IFSCA Grade A 2025 – Descriptive English (Paper 1) – Student Experience & Expert Analysis

This post presents the complete Breakdown of a candidate’s Descriptive English performance in the IFSCA Grade A 2025 examination. It includes the student’s responses, section-wise experience, and Bank Whizz’s expert analysis for future aspirants.

1️⃣ Essay Section

Essay Topic: How rising income inequality can become a problem for urban areas?

Word Limit: 250 words

📝 Student’s Approach

The candidate adopted a structured Introduction–Body–Conclusion format and highlighted the following points:

  • Linked income inequality with global instability and SDG goals (Zero Poverty & Zero Hunger)
  • Mentioned World Bank Report on inequality
  • Explained India’s context using schemes such as PM Garib Kalyan Ann Yojana
  • Discussed rising cost of living, pressure on services, and migration from rural to urban areas
  • Highlighted disparities in access to health and education
  • Concluded with solutions emphasising inclusive growth and social-sector spending

⭐ Expert Evaluation

The essay is high scoring due to its clarity, relevance, and structured flow. The use of SDGs, World Bank insights, migration trends, and social-sector challenges shows maturity. Minor improvement is possible by sharpening the “urban-specific” angle, but overall, this falls in the 25–30/30 scoring band.

2️⃣ Precis Section

Precis Word Limit: 135 words

Precis Theme: Production of Green Hydrogen as a sustainable fuel

Title Chosen by Candidate: Green Hydrogen for Sustainable Development

The passage was technical but straightforward. The student captured the central idea, maintained compression, and ensured clarity. The title is appropriate and precise.
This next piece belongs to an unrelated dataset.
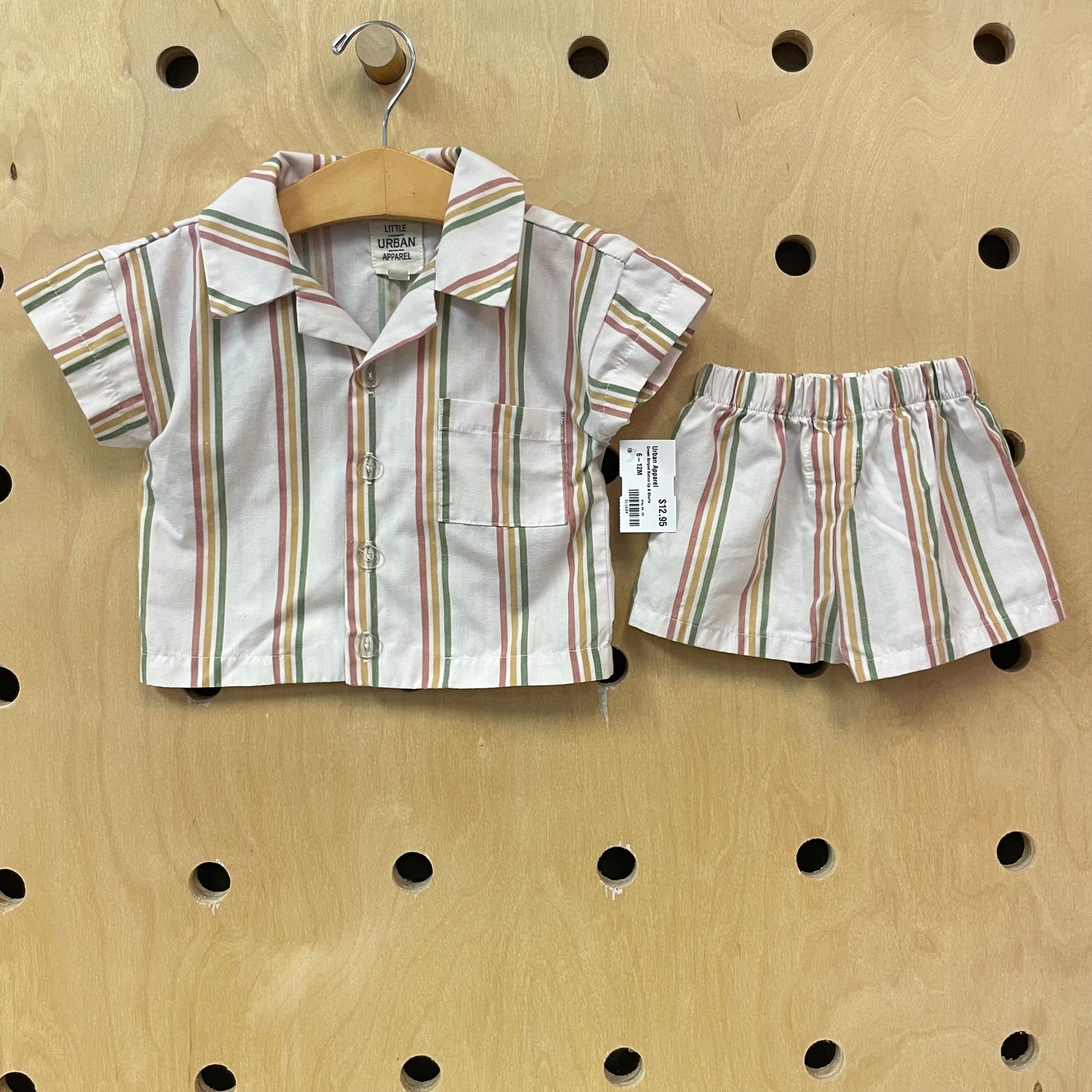 Cream Striped Button Up & Shorts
3️⃣ Reading Comprehension (RC)

Theme: Brain-Machine Interface (BMI) – Neuralink, neuroscience, and ethical implications

Source Identified by Candidates: An article from University of Chicago’s Triple Helix Magazine

The passage was labelled “insanely tough” by almost every aspirant. It involved complex neuroscience concepts and inferential questions. The candidate attempted all five questions with short, precise answers (20–35 words), which is the correct strategy for technical passages.

This section was the toughest part of the paper and will likely undergo normalised evaluation.

4️⃣ Overall Difficulty Analysis

  • Essay: Moderate
  • Precis: Moderate
  • RC: Difficult
  • Overall: Moderate (tilted towards difficult due to RC)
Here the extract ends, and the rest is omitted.